Studies have also demonstrated that VA can alter the energy-dependent renal reabsorption processes of the proximal tubule and impact mitochondrial function. This toxicity primarily arises from an increased production of reactive oxygen species (ROS) within the mitochondria, leading to mitochondrial membrane depolarization and the initiation of the caspase pathway [60,61]. Based on these animal studies, renal tubular ischemia resulting from the oxidative effects of VA is the primary identified mechanism of VIN. Protective strategies against VIN include the use of mitochondria-targeted antioxidants and cilastatin to decrease VA uptake, as well as targeting SOD to renal proximal tubule cells [60,61,62]. These strategies could potentially reduce oxidative stress and help preserve renal function during VA therapy. In our study, we evaluated the efficacy of DAPA in mitigating VIN in rats by examining the markers of oxidative stress, apoptosis, and inflammatory mediators.

SGLT2 inhibitors, including DAPA, have emerged as a novel class of antidiabetic agents with significant renoprotective properties extending beyond glycemic control [24]. These agents act by inhibiting sodium and glucose reabsorption in the renal proximal tubules, thereby promoting glucosuria and natriuresis [24,63]. This mechanism not only lowers plasma glucose levels, reducing glucotoxicity and subsequent renal injury but also confers multiple direct and indirect benefits to kidney function [63,64]. A growing body of evidence demonstrates that SGLT2 inhibitors reduce intraglomerular pressure, suppress activation of the renin–angiotensin–aldosterone system (RAAS), and enhance renal energy utilization [64]. By decreasing sodium reabsorption, SGLT2 inhibitors increase tubuloglomerular feedback, leading to afferent arteriolar constriction and a subsequent reduction in glomerular hyperfiltration—a key driver of progressive nephron injury in both diabetic and non-diabetic kidney disease [65]. Furthermore, these agents have been shown to decrease albuminuria, renal inflammation, and oxidative stress while also exerting favorable effects on blood pressure, body weight, and serum uric acid levels, all of which may contribute to their overall renoprotective profile [64,65]. Clinical trials and experimental studies have consistently demonstrated that DAPA slows the decline in GFR, reduces proteinuria, and mitigates both glomerular and tubular injury in diabetic models [25,27,29]. Notably, the renoprotective effects of DAPA have also been observed in non-diabetic settings, such as chronic kidney disease and heart failure, highlighting its broad therapeutic potential [28,30,31]. The anti-inflammatory and antioxidative properties of SGLT2 inhibitors are increasingly recognized as central to their nephroprotective mechanisms [25,26].

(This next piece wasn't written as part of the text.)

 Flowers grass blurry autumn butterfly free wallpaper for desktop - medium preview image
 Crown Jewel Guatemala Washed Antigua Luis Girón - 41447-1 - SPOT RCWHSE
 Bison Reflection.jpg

In diabetic rat and mouse models, DAPA slows the decline in GFR, reduces proteinuria, and limits both glomerular and tubular injury [27,29]. Additionally, it attenuates oxidative stress and inflammation, suppresses the activation of the renin–angiotensin–aldosterone system, and inhibits TGF-β-associated fibrotic pathways [25,26,29,40,64,65]. Collectively, these effects contribute significantly to the retardation of diabetic nephropathy progression and the preservation of renal function.

In nephrotoxicity models induced by agents such as VA, cisplatin, and gentamicin, increased oxidative stress is a prominent feature [2,9,60]. DAPA significantly reduces oxidative stress by decreasing lipid peroxidation products such as MDA and TOS while enhancing antioxidant defense systems, including TAS, SOD, GPx, and CAT [25,26,40]. Additionally, it prevents mitochondrial dysfunction and membrane depolarization and suppresses the activity of pro-oxidant enzymes such as MPO [60,61,66]. Through these mechanisms, DAPA effectively mitigates oxidative damage and the resulting cellular dysfunction in renal tissue [40,60,61,66].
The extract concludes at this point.